### [Task objective]
Where in the data does the word "short" appear? Find those lines and copy them.

### [Exercise materials]
++++++++

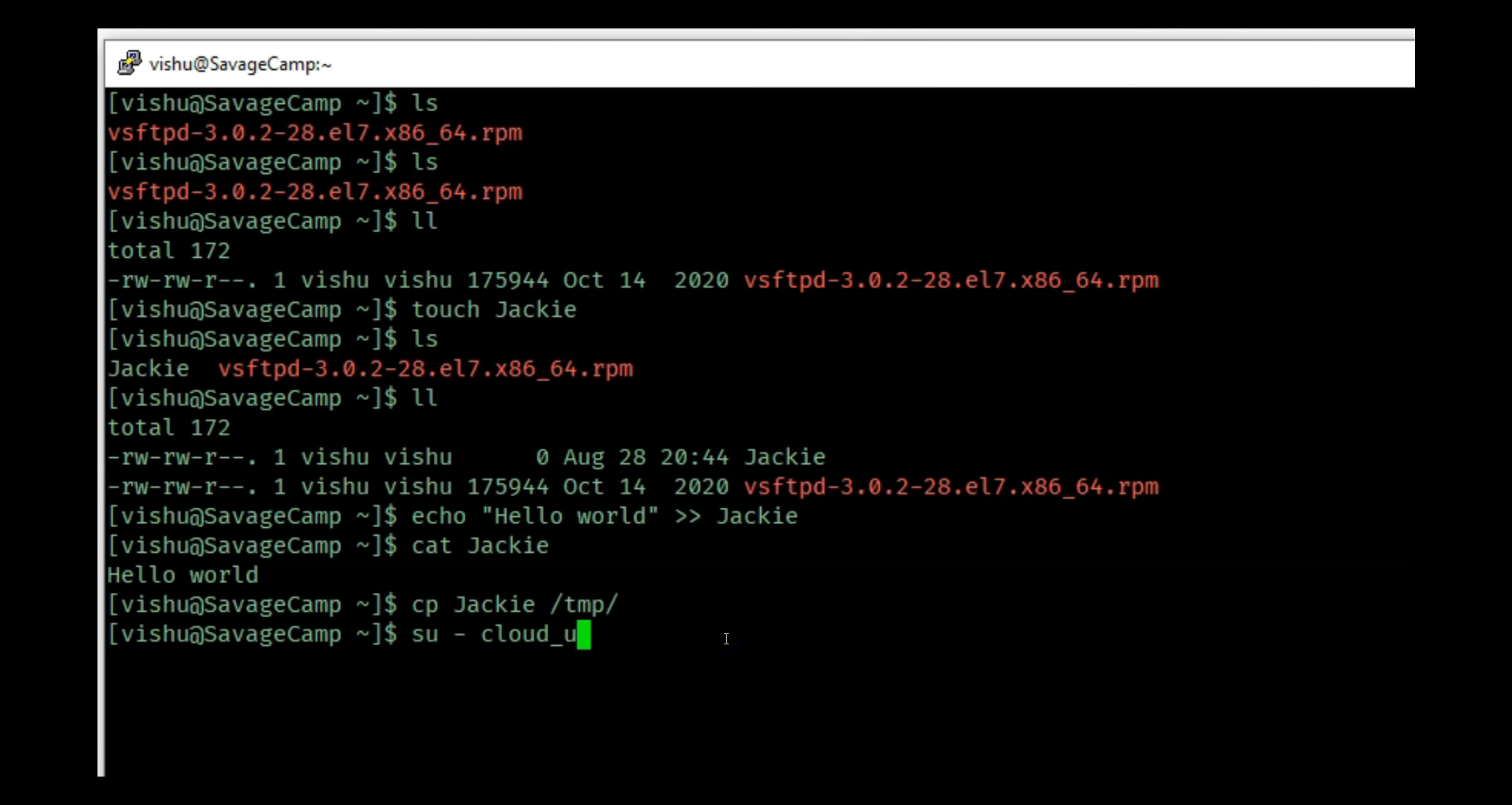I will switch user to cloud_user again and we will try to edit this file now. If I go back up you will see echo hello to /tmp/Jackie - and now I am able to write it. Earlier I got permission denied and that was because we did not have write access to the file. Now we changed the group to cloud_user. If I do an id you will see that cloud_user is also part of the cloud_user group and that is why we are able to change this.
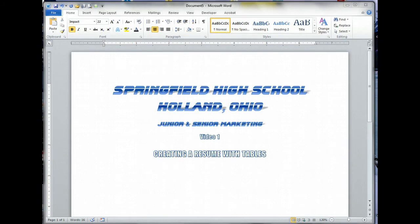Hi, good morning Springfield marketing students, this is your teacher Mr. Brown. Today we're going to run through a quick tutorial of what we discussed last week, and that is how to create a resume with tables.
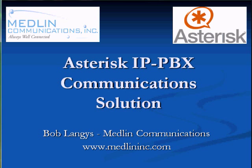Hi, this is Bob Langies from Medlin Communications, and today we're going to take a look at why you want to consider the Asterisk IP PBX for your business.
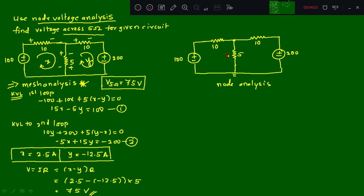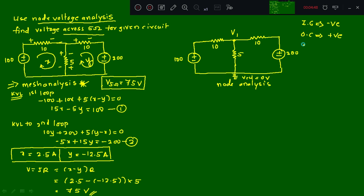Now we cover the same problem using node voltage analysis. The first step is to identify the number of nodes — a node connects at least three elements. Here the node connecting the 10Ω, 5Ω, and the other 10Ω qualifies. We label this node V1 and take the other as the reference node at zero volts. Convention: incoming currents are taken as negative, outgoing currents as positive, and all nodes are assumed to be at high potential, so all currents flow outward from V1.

++++++++

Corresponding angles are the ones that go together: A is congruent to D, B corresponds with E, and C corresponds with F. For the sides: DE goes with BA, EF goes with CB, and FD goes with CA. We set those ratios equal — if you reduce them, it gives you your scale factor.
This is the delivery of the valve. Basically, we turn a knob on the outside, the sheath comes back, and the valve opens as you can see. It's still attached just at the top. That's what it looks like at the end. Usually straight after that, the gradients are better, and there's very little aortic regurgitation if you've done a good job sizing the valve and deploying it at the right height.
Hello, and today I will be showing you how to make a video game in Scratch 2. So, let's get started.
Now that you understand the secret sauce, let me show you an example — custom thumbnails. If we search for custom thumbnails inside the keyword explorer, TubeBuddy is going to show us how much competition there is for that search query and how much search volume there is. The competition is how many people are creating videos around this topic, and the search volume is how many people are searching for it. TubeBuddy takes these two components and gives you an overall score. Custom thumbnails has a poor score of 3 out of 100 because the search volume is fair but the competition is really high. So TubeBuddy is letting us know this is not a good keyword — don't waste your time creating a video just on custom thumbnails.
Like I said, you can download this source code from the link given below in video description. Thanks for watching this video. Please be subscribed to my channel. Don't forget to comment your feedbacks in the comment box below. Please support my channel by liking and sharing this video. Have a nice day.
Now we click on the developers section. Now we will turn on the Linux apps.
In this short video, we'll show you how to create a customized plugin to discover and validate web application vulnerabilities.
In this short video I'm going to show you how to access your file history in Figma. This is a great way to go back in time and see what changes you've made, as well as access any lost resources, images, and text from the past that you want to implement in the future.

++++++++

### [Task answer]
In this short video, we'll show you how to create a customized plugin to discover and validate web application vulnerabilities.
In this short video I'm going to show you how to access your file history in Figma. This is a great way to go back in time and see what changes you've made, as well as access any lost resources, images, and text from the past that you want to implement in the future.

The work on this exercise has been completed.